Tuesday, June 30, 2009

Never Less Than Dangerous: Pina Bausch, 1940-2009


Pina Bausch is dead.

Bausch, a towering icon of modern dance, was diagnosed with cancer five days ago and succumbed quickly, passing this morning. She was 68 years old.

Below I have posted Charlotte Higgins lovely remembrance of Bausch from her On Culture Blog on the Guardian UK's website and several links to her work.

Pina Bausch, 1940-2009

We have lost dance's most visionary, influential figure, who redrew the map of the theatre arts

By Charlotte Higgins

"A simple note on the Wuppertal Dance Theatre's website says it: this morning, 30 June, Pina Bausch died, aged 68 – quickly, after a cancer diagnosis five days ago. Only two Sundays ago, she appeared on stage at the Wuppertaler Opernhaus.
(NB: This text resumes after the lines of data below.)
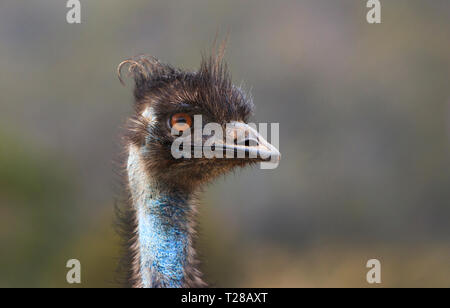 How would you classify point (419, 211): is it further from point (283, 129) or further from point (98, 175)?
point (98, 175)

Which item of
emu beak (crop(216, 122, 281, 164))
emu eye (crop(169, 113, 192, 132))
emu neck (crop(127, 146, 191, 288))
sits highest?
emu eye (crop(169, 113, 192, 132))

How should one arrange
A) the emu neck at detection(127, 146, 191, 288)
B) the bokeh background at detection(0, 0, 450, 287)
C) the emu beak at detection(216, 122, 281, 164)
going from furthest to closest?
the bokeh background at detection(0, 0, 450, 287), the emu neck at detection(127, 146, 191, 288), the emu beak at detection(216, 122, 281, 164)

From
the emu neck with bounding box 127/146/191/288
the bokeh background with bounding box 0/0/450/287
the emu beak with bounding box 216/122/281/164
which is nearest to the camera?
the emu beak with bounding box 216/122/281/164

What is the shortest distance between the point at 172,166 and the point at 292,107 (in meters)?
4.50

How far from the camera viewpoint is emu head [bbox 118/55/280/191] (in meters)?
2.46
This is an appalling shock and a tragedy not only for the dance world, but also for the entire international arts world. Bausch's visionary work as dancer, choreographer and creator of the Tanztheater Wuppertal had a reach way, way beyond the confines of the German town where she worked. Theatre and opera simply wouldn't look the way they do today without Bausch; she has also had an enormous influence on visual art and cinema, too (Almodóvar's Talk to Her contains sequences of her work). I can't count the number of times I've seen work that either pays tribute – or cheaply rips off – Bausch's subversive, distinctive choreographic creations. Subtley but clearly, she redrew the map for the theatre arts.

The official tributes and obituaries will pour in. As a personal response – not as an expert in contemporary dance, simply as an enthusiastic member of the audience – I will be grieving for the loss of the most original voice in dance today. More than that, every performance that one saw (and her relatively rare appearances in London were instant sellouts, usually attended by a cultish, extraordinarily chic audience almost as watchable as her shows) was an event that left one emotionally changed, whether drained or elated or touched by an unspeakable beauty.

Instant memories – the dirt and sheer savagery of her early work Rite of Spring, brought to Sadler's Wells last February, which left me pinned to my seat with terror.



The same programme brought Cafe Müller - a classic work recalling her childhood memories of her parents' cafe, was confusing, troubling, strange, obsessional, wistful.




Kontakthof, brought to the Barbican in 2002, was a deeply moving piece that was performed by dancers in their 60s and 70s, forcing the audience to confront prejudices and fears about old age.




Then the sheer beauty of Nelken, in which the stage is covered by thousands of carnations.



Or Nefes, her late, Turkish-inspired work, in which the anguish and frustration expressed in earlier pieces was exchanged for something more (but never simply or unambiguously) joyous. A trademark was the way she asked her dancers to express not just the purity of their bodily movements, but their inner vulnerabilites, sometimes anger.

Watching a work by Bausch was never less than a dangerous, and profoundly fulfilling, experience. We will all mourn her."